India should play an important role there.


----------



## NucleusKore (May 18, 2009)

Good riddance of bad rubbish


----------



## confused (May 18, 2009)

^the saint has spoken


----------



## gopi_vbboy (May 18, 2009)

hmm cant say anything..the timing makes me doubtfull...its like a gift for sonia upa govt from sl


----------



## confused (May 18, 2009)

good point


----------



## utsav (May 18, 2009)

confused said:


> but my heart wonders who will stand up for the Tamilians in SL now.



if u r free u can apply for that job


----------



## confused (May 18, 2009)

utsav said:


> if u r free u can apply for that job


----------



## nix (May 19, 2009)

well thats one good snub to the US and other countries who would rather let the LTTE be. it was never possible to make peace with the tigers, they had broken ceasefire many times. 

the US talks about civilian deaths.. but were'nt the people who LTTE killed also civilians?. the US is on the wrong side on this issue.

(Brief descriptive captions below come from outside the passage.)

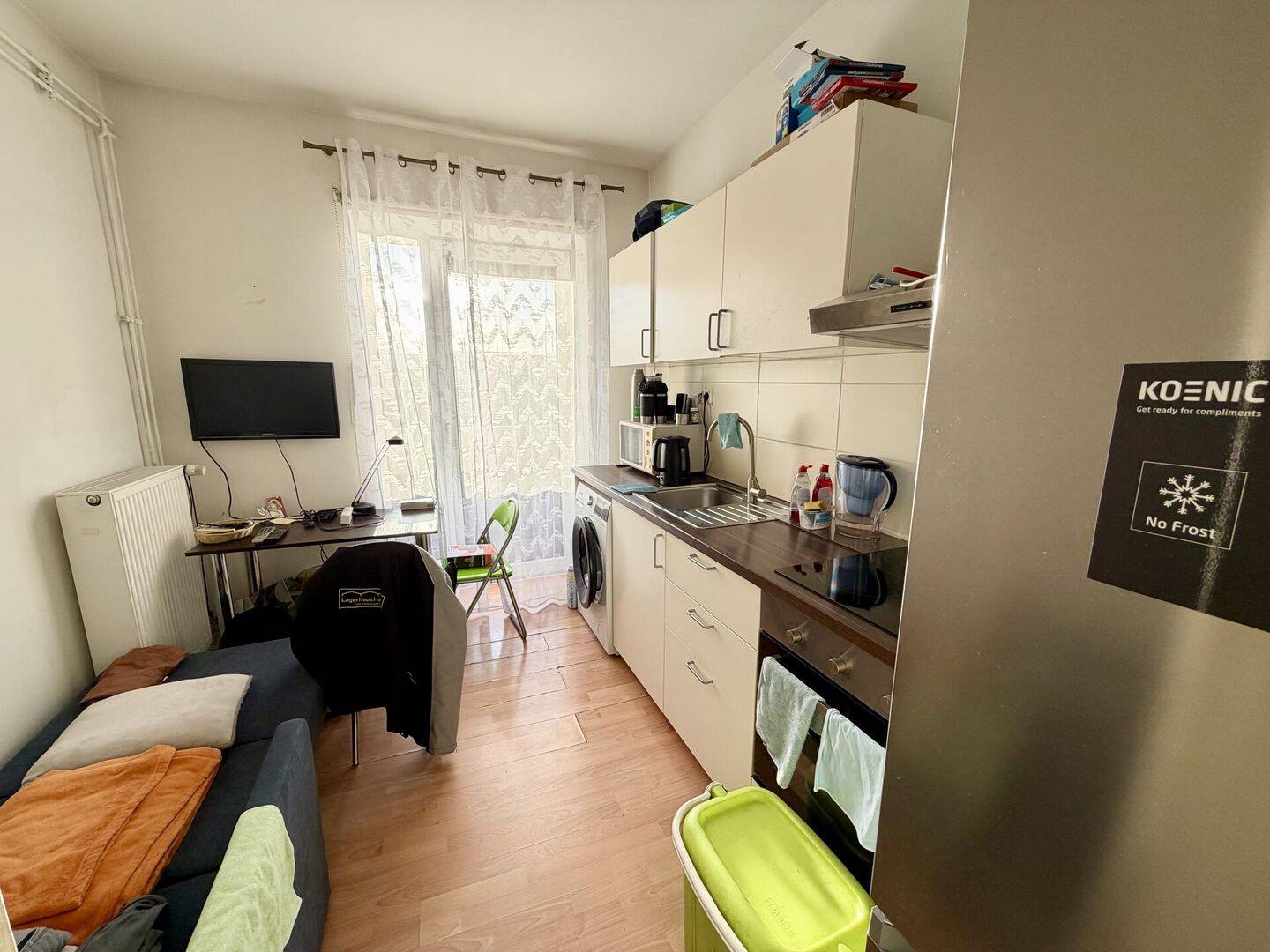 Klein, gepflegt, vermietet: Kapitalanlage in guter Lage von Bergedorf! – Hamburg – Vorschaubild 6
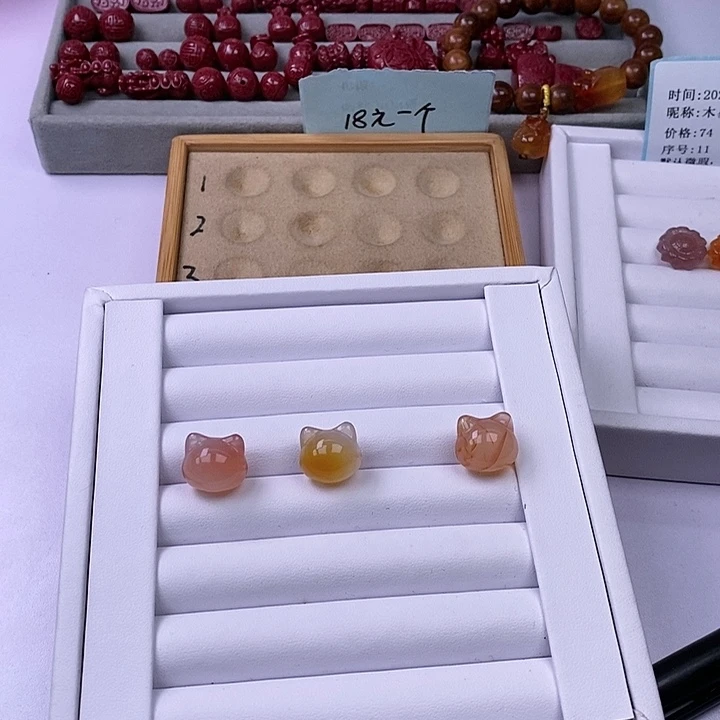 【闪购商品】查罗石手绳未镶嵌k*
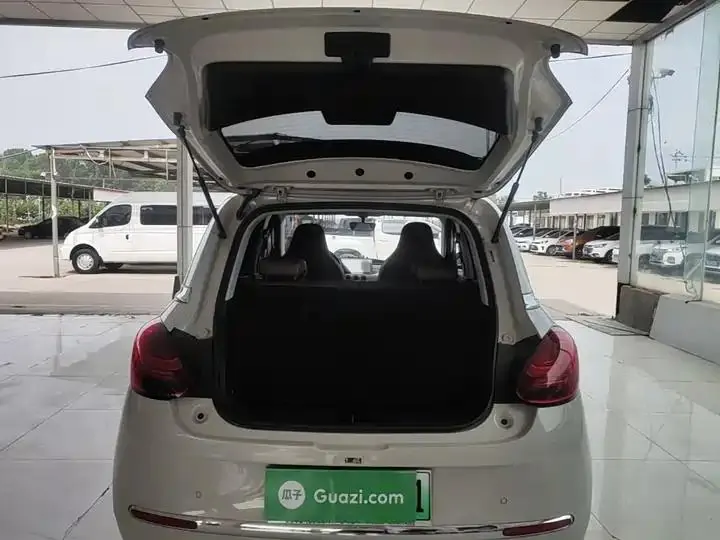 WuLing Plantronics 2024 333km Pleasant 19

US wanted ceasefire, but would they ever think of doing something about the LTTE? no.


----------



## ico (May 19, 2009)

Now it's time for India to pressurize Sri Lanka to give equal rights to the Tamil community.


----------



## rosemolr (May 19, 2009)

i hope the story will not  end here..


----------



## abhijit_reddevil (May 19, 2009)

rosemolr said:


> i hope the story will not end here..


 
The story has not ended here. LTTE claims Prabhakaran is alive and safe.

*news.rediff.com/slide-show/2009/may/19/slide-show-1-prabhakaran-alive-says-ltte-website.htm


----------



## thewisecrab (May 19, 2009)

I dont know what to say.
On one hand, as NucleusKore said, good riddance to bad rubbish.
On the other, the rights of the Tamils are not guaranteed yet 
Why is US poking it's nose into this ? Humanitarian rights?
Maybe Obama's foreign ministry should look into it's own history  (guantanamo bay, Iraq war, Af-Pak war etc.) before talking to others about human rights


----------



## abhijit_reddevil (May 19, 2009)

Now the media claims that Prabhakaran is dead and also released pictures of his dead body.


----------



## Coool (May 19, 2009)

He should deserve more than that!


----------



## rosemolr (May 19, 2009)

They had Released the Pictures and videos of his dead body..But i don't think that lankan army had fired him.it might be a suicide or something else


----------



## SunnyChahal (May 19, 2009)

One sinner less....


----------



## gopi_vbboy (May 19, 2009)

i still doubt prabhakaran is dead...but sl has to pay for the mess they created sometime even ur indian govt will get haunted by this sins...


----------



## appserver (May 19, 2009)

Though I admit that LTTE has committed blunders [Assassination of Rajiv Gandhi - by which their tag got changed from fighters to terrorists.]  the rights of innocent tamizhs are now in jeopardy. Hope at least now the Indian government should act and save the innocents and stop the genocide.


----------



## confused (May 19, 2009)

*www.timesonline.co.uk/tol/news/world/asia/article6317354.ece
Sri Lankan military shows 'body of Tamil Tiger leader Prabhakaran' on TV


----------



## appserver (May 19, 2009)

But people like Pazha.Nedumaran, Ramadoss are saying that he is alive so as the pro LTTE  sites.


----------



## confused (May 19, 2009)

how would ramadoss know anything abt stuff going on in SL??


----------



## nix (May 20, 2009)

you guys need to see this: protestors in canada waving terrorist LTTE flags march on the highway, causing severe inconvenience to other people. 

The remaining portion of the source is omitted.